Problem description:
A partial copy is required: transcribe exactly the lines from the one containing "Valentine's Gift For" through the last line below, without any pictures.

==== Records provided

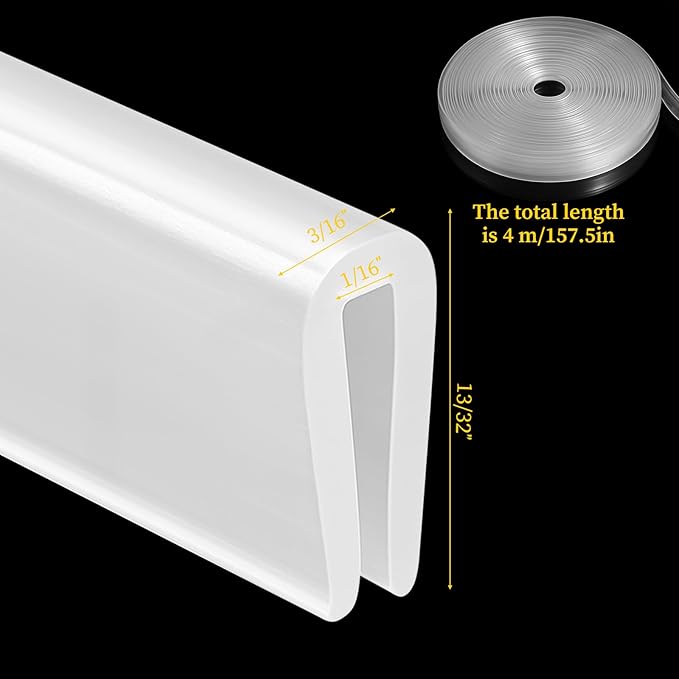 Rubber Edge Trim, U Channel Edge Protector Flexible Proof Edges Trims for Sharp Edges Clear 1/16" Slot, Fit for 0-3/32" Guard Protectors for Sheet Metal, Car Doors, Hatches, Table Corners 13Ft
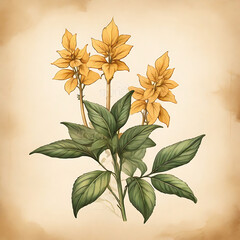 marygo flower in parchment paper background
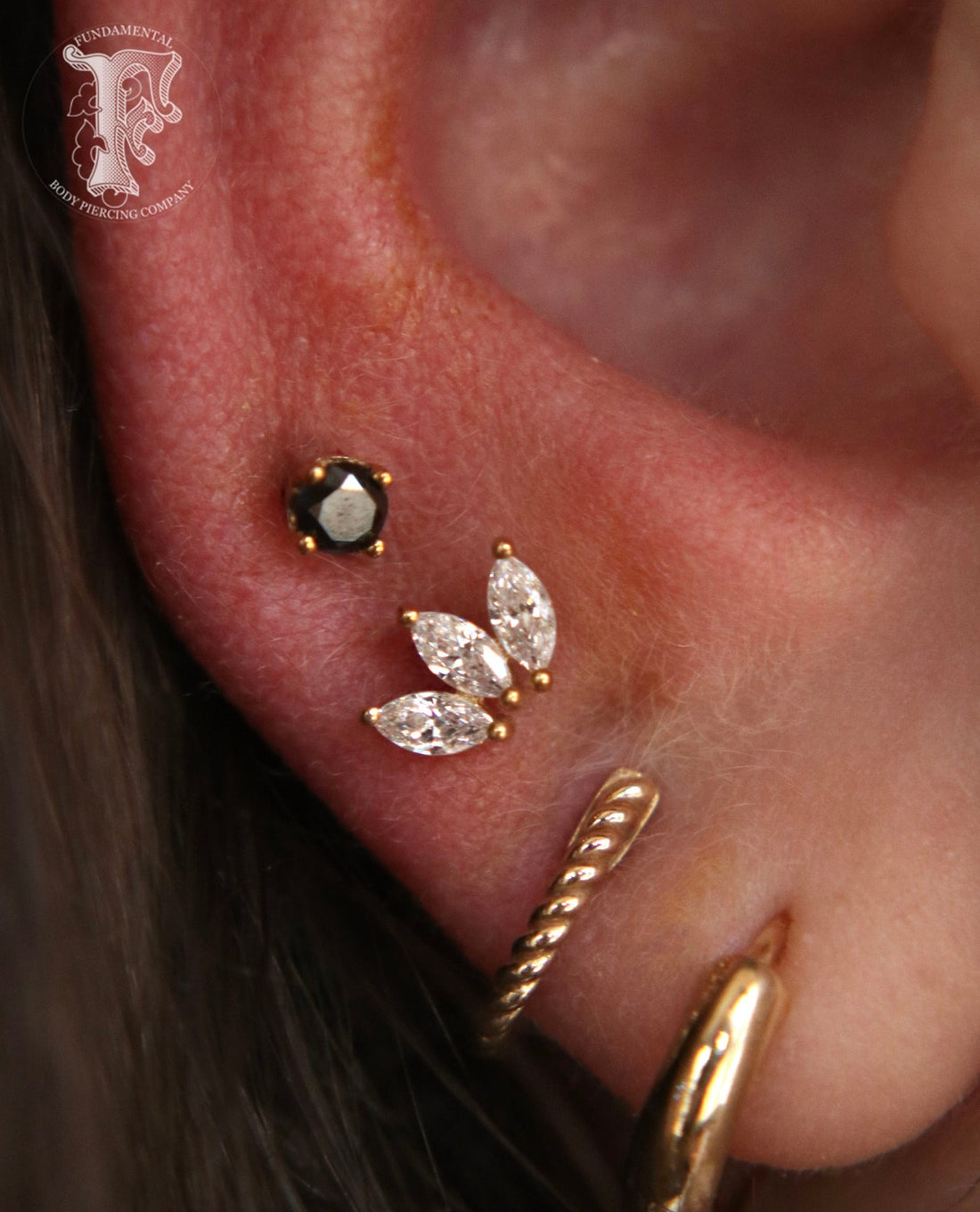 Prong Gem with Black Diamond - Buddha Jewelry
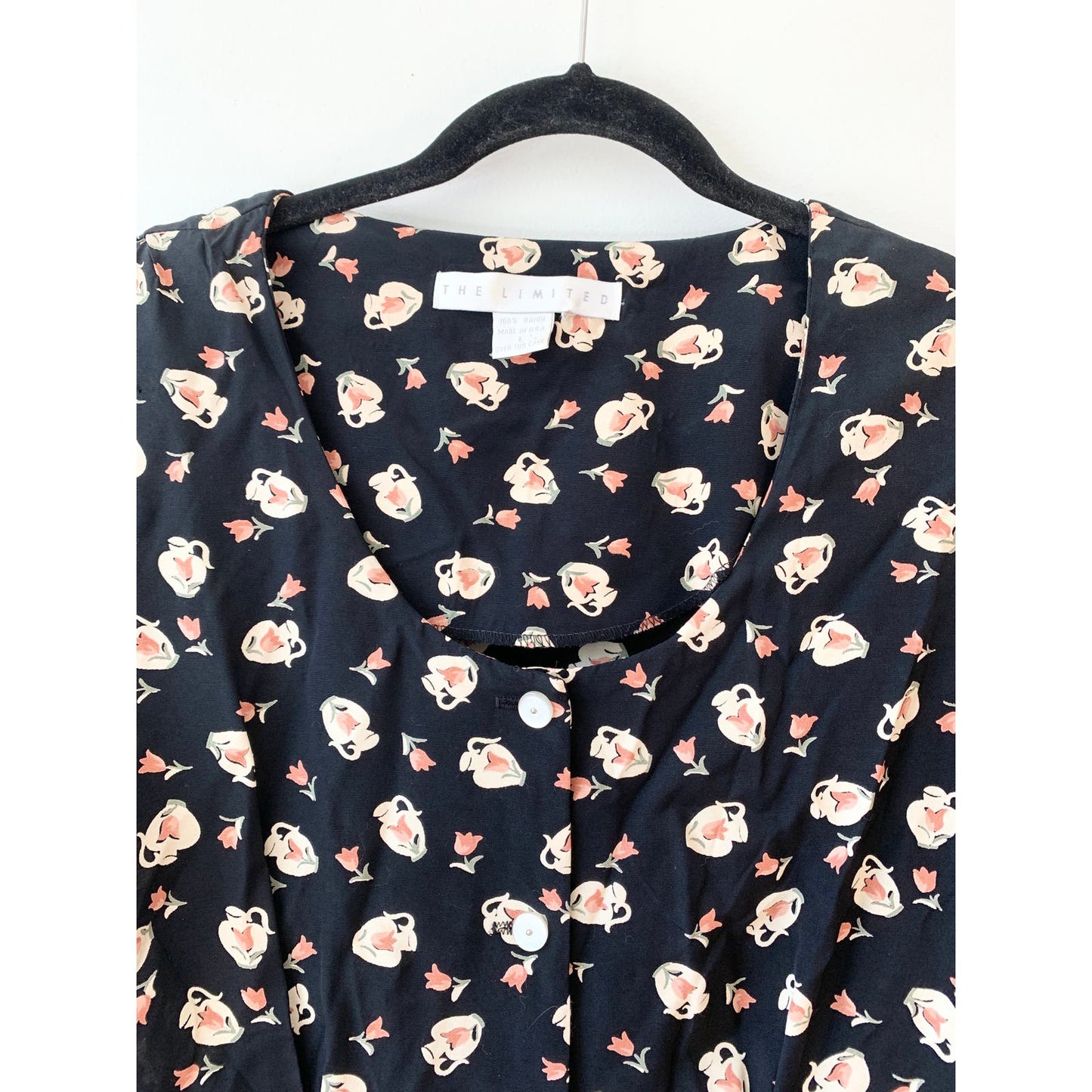 Vintage 90s The Limited Tulip Button Front Maxi Dress Large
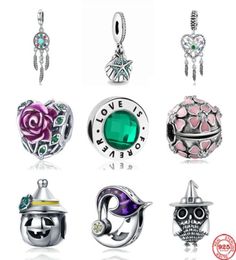 925 Silver Fit Charm 925 Bracelet New blue green dreamcatcher owl starfish diy charms set Pendant DIY Fine Beads Jewelry8937580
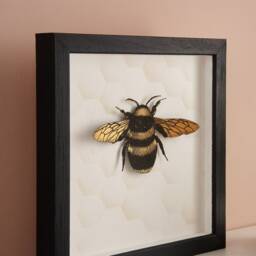Valentine's Gift For Him, Honey Bee Framed Wall Art, Personalized Papercut Frame Gift, Bombus Beekeeping, Romantic Gifts Men - thumbnail 3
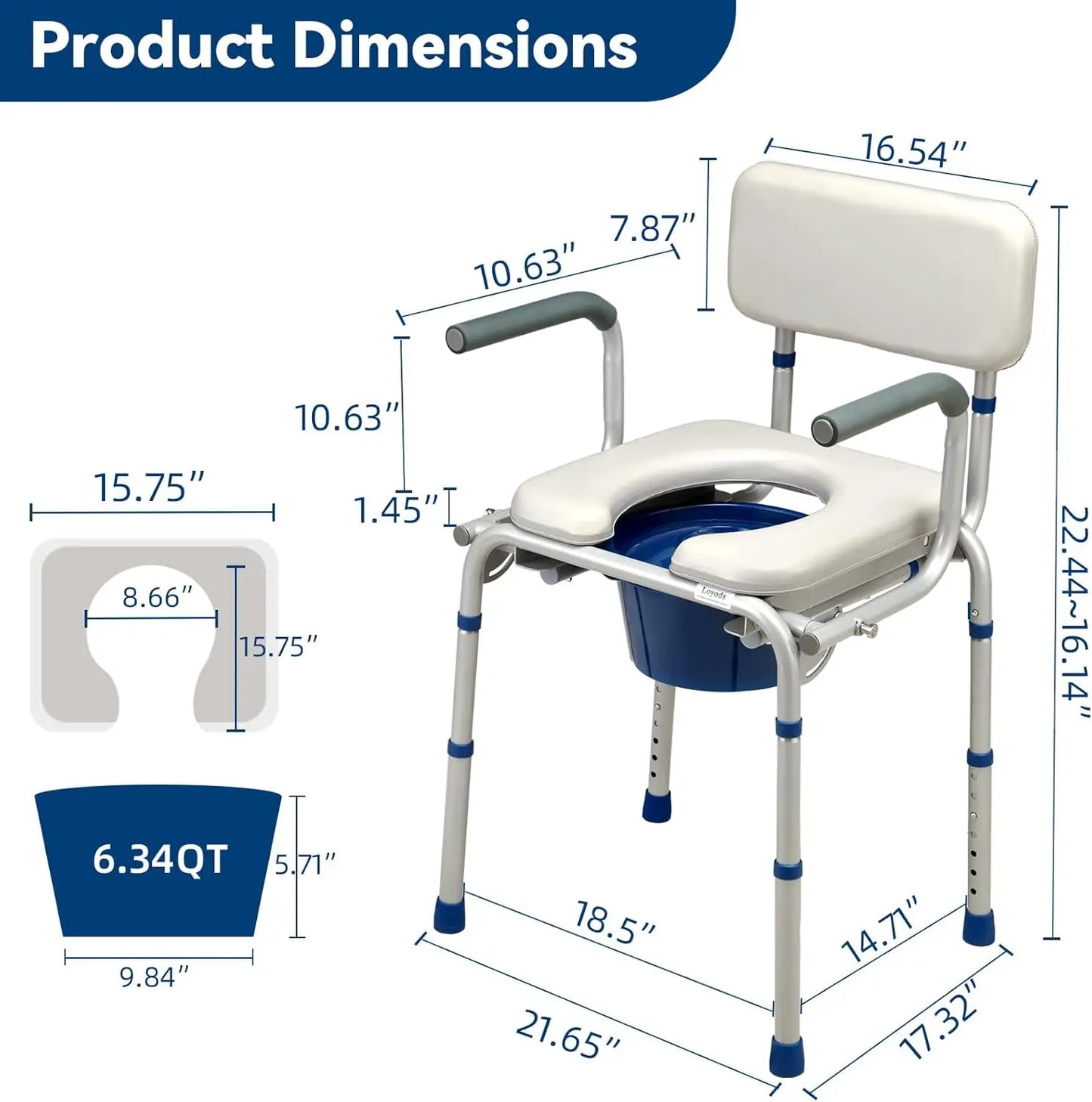 Portable Bedside Commode for Seniors – Adjustable & Removable Bucket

========

Answer section:
Valentine's Gift For Him, Honey Bee Framed Wall Art, Personalized Papercut Frame Gift, Bombus Beekeeping, Romantic Gifts Men - thumbnail 3
 Portable Bedside Commode for Seniors – Adjustable & Removable Bucket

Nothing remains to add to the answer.